As it turned out, Carol’s boss liked her creative thinking and offered her a part-time position that was new and interesting. Although health care benefits would not be fully covered, it was a good compromise and well worth Carol’s peace of mind. She and Steve still planned to retire together at sixty-five, but with a somewhat different plan. Meanwhile, working part time gave Carol the opportunity to begin taking courses and explore new interests.

As you and your partner determine your decision about whether to work after retirement, make sure your decisions will not jeopardize your financial security.  While the issue is universal, the solutions are particular to you and your situation. Making important decisions is an ongoing process. As we have seen with Carol and Steve, what you’ve planned for may change when circumstances change. Having accurate information and facts and talking about how you feel will help you make decisions you’re able to live with.

This story illustrates how important it is for couples to be in sync regarding their retirement transition plans:

For years, Peter had commuted to work by train, traveling several hours a day back and forth. He was up at the crack of dawn and home after dark. Except for vacations and weekends, his time at home was limited.
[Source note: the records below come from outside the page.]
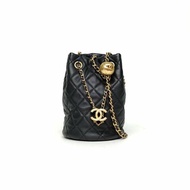 CHANEL 22SS抽繩水桶包12黑色羊皮晶片開金扣金球調節扣肩帶肩背包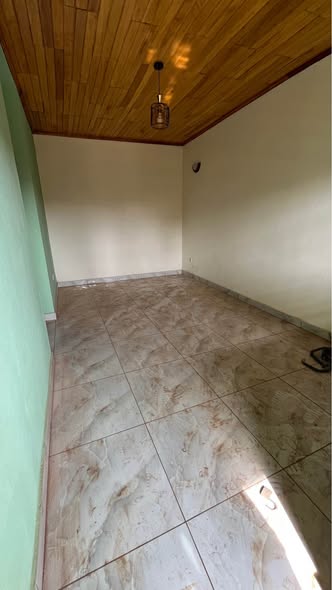 Studio moderne à louer à Etoudi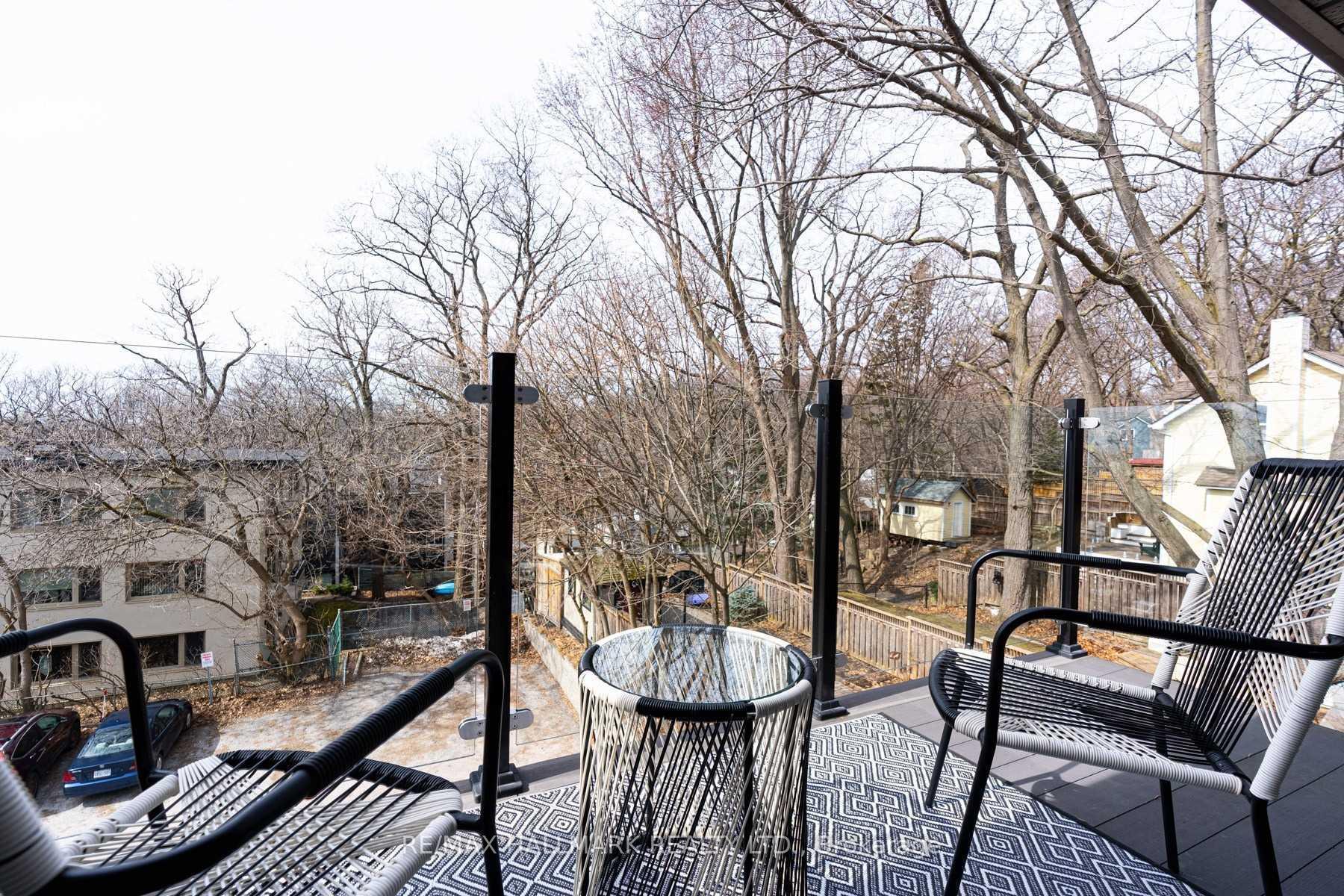 Photo 18 of 10A Victoria Park Avenue, Toronto, The Beaches — HOMEH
He was looking forward to retiring and being able to putter around the house, snowshoe in the woods and be out in nature.

Peter’s wife, Sandy, an artist, worked at home and volunteered in the community. Peter and Sandy had talked about his retirement transition and how it would affect their day-to-day lives. When Sandy’s friend Joan asked her how she felt about Peter being home all the time, she responded: “Twice the husband, half the income!”

The timing of retirement is usually based on financial considerations, such as savings, assets, Social Security, health insurance, retirement packages, and pensions. But for some couples, like Peter and Sandy, money is not the only factor. As roles and responsibilities change, other issues may become equally or more important in mid- to later life.

What you need and want in your fifties, sixties or seventies may be different from what was true earlier in your life. For instance, you may have less tolerance for a work situation that is no longer fulfilling your needs or one that is inconsistent with your values. And priorities may need to shift if your health and well-being are undermined.

How do couples begin to prioritize and make decisions about whether to retire, when to retire and how to retire? Is it better to retire separately or together? What if one of you does not want to continue working full time? What if you both want to retire, but you can’t afford to? Many couples who planned to retire early are finding that they need to work well into their seventies. You may not have a choice about whether to work, but there may be creative options for how to work and what you can do given your interests, experience and skills.

Having accurate information and facts and talking about how you feel will help you make decisions you’re able to live with. Whether you are in your fifties, sixties, or seventies, you need to think carefully about how you want to use your assets and resources. Hopefully you can still have fun and do the things that are important in your life, but be sure to consider the pros and cons so that you can make informed choices.

Set aside some time to discuss the questions above with your partner. You may be surprised at what your partner has to say.  Then, begin to brainstorm some creative solutions that will create a happy and satisfactory retirement for you both.